Dataset records |
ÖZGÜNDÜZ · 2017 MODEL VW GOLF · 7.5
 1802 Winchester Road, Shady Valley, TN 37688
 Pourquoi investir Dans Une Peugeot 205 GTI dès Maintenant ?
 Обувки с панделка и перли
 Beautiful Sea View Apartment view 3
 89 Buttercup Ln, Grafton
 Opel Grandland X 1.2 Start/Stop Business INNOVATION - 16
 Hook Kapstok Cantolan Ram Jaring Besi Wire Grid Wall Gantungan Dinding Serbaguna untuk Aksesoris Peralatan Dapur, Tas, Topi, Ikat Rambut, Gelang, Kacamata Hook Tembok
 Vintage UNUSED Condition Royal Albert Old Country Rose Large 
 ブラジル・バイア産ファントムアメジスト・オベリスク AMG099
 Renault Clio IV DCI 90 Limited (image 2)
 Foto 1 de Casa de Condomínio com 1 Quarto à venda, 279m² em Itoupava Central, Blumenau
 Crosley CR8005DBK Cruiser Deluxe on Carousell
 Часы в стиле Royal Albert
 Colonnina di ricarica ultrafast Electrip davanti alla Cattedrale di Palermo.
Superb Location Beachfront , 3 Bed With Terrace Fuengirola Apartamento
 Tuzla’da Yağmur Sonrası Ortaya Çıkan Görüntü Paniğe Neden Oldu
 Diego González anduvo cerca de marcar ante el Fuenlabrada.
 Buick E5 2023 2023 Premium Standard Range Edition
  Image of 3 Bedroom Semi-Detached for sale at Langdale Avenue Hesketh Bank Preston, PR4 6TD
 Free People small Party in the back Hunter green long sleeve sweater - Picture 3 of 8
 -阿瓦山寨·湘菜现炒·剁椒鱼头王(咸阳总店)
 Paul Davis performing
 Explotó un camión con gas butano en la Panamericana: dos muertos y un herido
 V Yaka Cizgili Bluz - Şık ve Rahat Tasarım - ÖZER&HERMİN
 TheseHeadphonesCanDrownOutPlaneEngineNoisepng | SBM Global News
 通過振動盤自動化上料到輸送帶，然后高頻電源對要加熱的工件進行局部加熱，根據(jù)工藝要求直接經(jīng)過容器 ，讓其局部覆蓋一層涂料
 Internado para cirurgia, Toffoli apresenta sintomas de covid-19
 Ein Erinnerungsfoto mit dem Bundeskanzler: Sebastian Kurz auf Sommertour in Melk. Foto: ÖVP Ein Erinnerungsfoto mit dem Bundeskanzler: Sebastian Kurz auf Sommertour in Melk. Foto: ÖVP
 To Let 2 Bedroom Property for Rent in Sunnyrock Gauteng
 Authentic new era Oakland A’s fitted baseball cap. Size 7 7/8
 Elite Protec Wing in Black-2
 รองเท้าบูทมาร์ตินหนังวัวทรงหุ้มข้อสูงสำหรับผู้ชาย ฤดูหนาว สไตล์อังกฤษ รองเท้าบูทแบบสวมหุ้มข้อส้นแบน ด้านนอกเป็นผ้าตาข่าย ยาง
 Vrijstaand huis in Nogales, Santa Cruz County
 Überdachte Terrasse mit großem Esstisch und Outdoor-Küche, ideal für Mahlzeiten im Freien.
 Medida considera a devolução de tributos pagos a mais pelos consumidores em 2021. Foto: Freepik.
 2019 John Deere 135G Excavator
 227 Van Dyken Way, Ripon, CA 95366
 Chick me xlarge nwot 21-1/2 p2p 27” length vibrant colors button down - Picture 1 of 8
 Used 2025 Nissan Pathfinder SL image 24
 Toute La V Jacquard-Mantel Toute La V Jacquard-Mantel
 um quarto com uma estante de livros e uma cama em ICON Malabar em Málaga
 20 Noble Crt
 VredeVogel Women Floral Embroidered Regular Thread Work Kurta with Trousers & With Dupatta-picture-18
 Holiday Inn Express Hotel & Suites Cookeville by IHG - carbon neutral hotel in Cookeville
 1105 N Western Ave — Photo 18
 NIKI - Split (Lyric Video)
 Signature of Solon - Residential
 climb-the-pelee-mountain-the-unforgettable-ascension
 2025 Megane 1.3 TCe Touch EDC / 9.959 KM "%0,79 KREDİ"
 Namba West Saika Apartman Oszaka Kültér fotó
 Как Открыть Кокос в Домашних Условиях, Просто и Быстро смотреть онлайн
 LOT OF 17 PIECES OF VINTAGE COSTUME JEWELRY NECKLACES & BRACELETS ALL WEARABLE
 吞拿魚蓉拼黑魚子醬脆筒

Work instruction | Filter the material for the word "Bedroom" and copy each matching line.

Final answer |
  Image of 3 Bedroom Semi-Detached for sale at Langdale Avenue Hesketh Bank Preston, PR4 6TD
 To Let 2 Bedroom Property for Rent in Sunnyrock Gauteng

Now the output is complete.